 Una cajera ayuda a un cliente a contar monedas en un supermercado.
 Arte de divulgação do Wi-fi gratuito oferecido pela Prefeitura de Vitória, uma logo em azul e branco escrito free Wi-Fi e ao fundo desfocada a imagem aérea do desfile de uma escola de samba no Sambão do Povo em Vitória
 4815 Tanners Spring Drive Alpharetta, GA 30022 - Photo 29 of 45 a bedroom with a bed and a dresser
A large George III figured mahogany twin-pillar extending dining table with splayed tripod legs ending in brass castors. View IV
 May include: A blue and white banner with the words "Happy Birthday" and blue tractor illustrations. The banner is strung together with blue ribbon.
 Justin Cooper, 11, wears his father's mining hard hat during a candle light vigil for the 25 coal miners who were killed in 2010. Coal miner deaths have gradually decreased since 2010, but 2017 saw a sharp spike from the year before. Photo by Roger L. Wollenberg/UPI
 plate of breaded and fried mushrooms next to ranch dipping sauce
++++++
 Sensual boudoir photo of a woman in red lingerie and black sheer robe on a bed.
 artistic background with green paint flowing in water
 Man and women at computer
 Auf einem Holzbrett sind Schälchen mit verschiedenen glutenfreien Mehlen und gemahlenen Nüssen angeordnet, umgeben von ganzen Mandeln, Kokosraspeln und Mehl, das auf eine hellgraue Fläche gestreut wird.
++++++
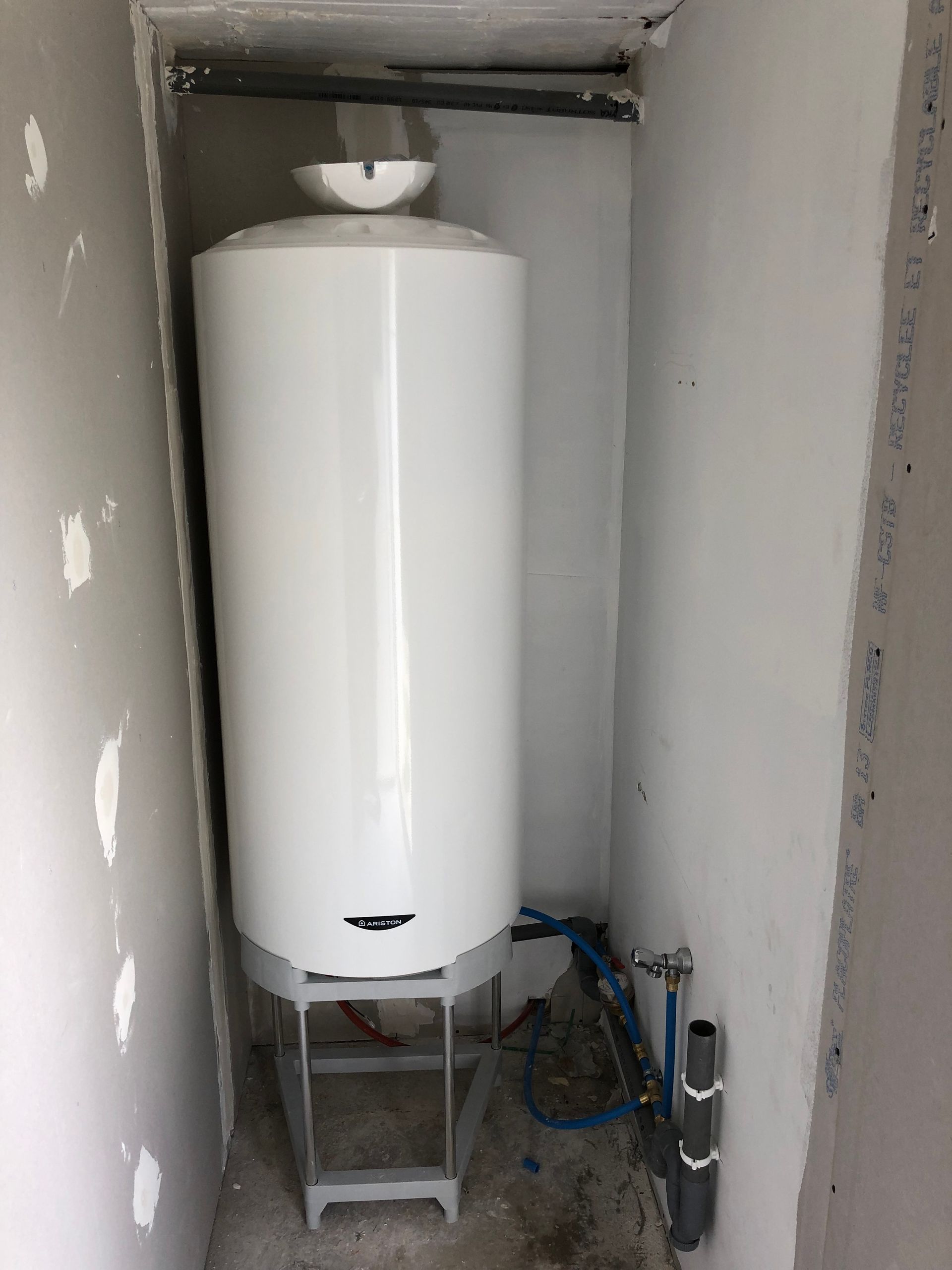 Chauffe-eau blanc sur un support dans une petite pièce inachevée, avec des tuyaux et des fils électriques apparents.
++++++
WORK TO BE COMPLETED
Report each line in the data that holds the word "with".

RESPONSE AREA
 4815 Tanners Spring Drive Alpharetta, GA 30022 - Photo 29 of 45 a bedroom with a bed and a dresser
A large George III figured mahogany twin-pillar extending dining table with splayed tripod legs ending in brass castors. View IV
 May include: A blue and white banner with the words "Happy Birthday" and blue tractor illustrations. The banner is strung together with blue ribbon.
 artistic background with green paint flowing in water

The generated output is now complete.